# Christening gaown & Pattern lost in fire



## luvmypip

This is a photo (not the one lost) of the of the pattern.

A friend has been trying to locate the pattern for the christening gown in this photo.

A fire destroyed the gown and the pattern. she would like to make another.


----------



## tintin63

sorry cant help but it's a beautiful gown. Possibly search vintage christening gowns.


----------



## LadyBecket

I don't know where you could find the exact pattern. But you can see if one of these might help. http://www.ravelry.com/patterns/search#photo=yes&craft=crochet&query=Christening%20gowns&availability=free&view=captioned_thumbs&sort=best


----------



## luvmypip

Thanks already checked Ravelry 3x. Thanks for taking the time to help!!


----------



## katy

It might also be possible to go to purple kitty, they have old patterns for a small amount of money ($1.99) for an ebook.


----------



## marueska

Could you email me this pattern? [email protected]


----------



## impatient knitter

marueska said:


> Could you email me this pattern? [email protected]
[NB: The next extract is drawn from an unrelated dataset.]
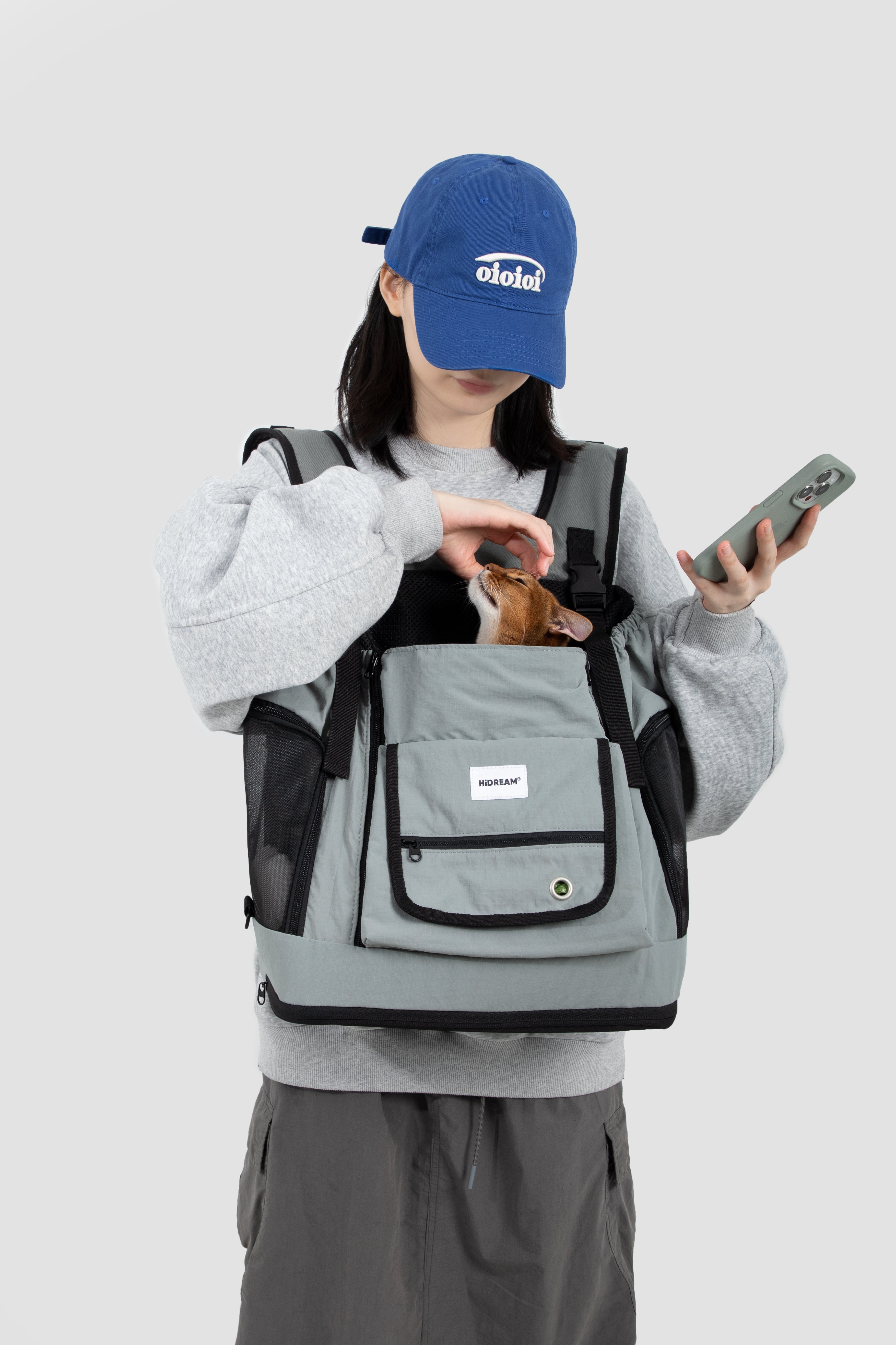 Gray HiDREAM Mountain Series Chest Pet Tote worn by woman holding phone, with small dog peeking out of breathable mesh top.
You really shouldn't put your email address on the forum. You don't know WHO'S reading this!! If you want to contact someone, do it through a PM (personal message). It's safer.


----------



## mimisuga

I have been trying to get the pattern in the picture too to make for a great niece but I can seem to locate the free pattern are a pattern for it at all and I sure would love to make it .


----------



## knit4ES

https://www.etsy.com/listing/181190819/christening-crochet-pattern-baby-3-piece?&utm_source=google&utm_medium=cpc&utm_campaign=shopping_us_d-craft_supplies_and_tools-other&utm_custom1=f9649700-e650-4485-ae07-48f67cb88a3f&gclid=CjwKEAjwh9PGBRCfso2n3ODgvUcSJAAhpW5oHAiZkAMkF8heszYJEIpdUXtRP3T6Gn9AVrkZednkLhoCZz7w_wcB


----------



## Augustgran

found it for $1.98 Canadian about $1.50 USD

https://www.etsy.com/ca/listing/399800219/instant-pdf-download-vintage-crochet?ga_order=price_asc&ga_search_type=all&ga_view_type=gallery&ga_search_query=crochet%20christening%20gown%20pattern&ref=sr_gallery_16


----------



## mimisuga

Yes I have wanted to make that dress for some time now and know one seems to have the pattern , nor can anyone tell you where to go and find it and I don’t mind if I have to buy this pattern I will buy it if it is for sale .


----------



## knit4ES

mimisuga said:


> Yes I have wanted to make that dress for some time now and know one seems to have the pattern , nor can anyone tell you where to go and find it and I don't mind if I have to buy this pattern I will buy it if it is for sale .


Read the 2 replies immediately before yours. They both have links where you can purchase and instant download pdf of this pattern.


----------



## Altice

This site uses Paypal.
https://www.ickycat.co.uk/pdf-digital-crochet-pattern--baby-lacy-christening-dress-gown--bonnet--chest-20-14716-p.asp


----------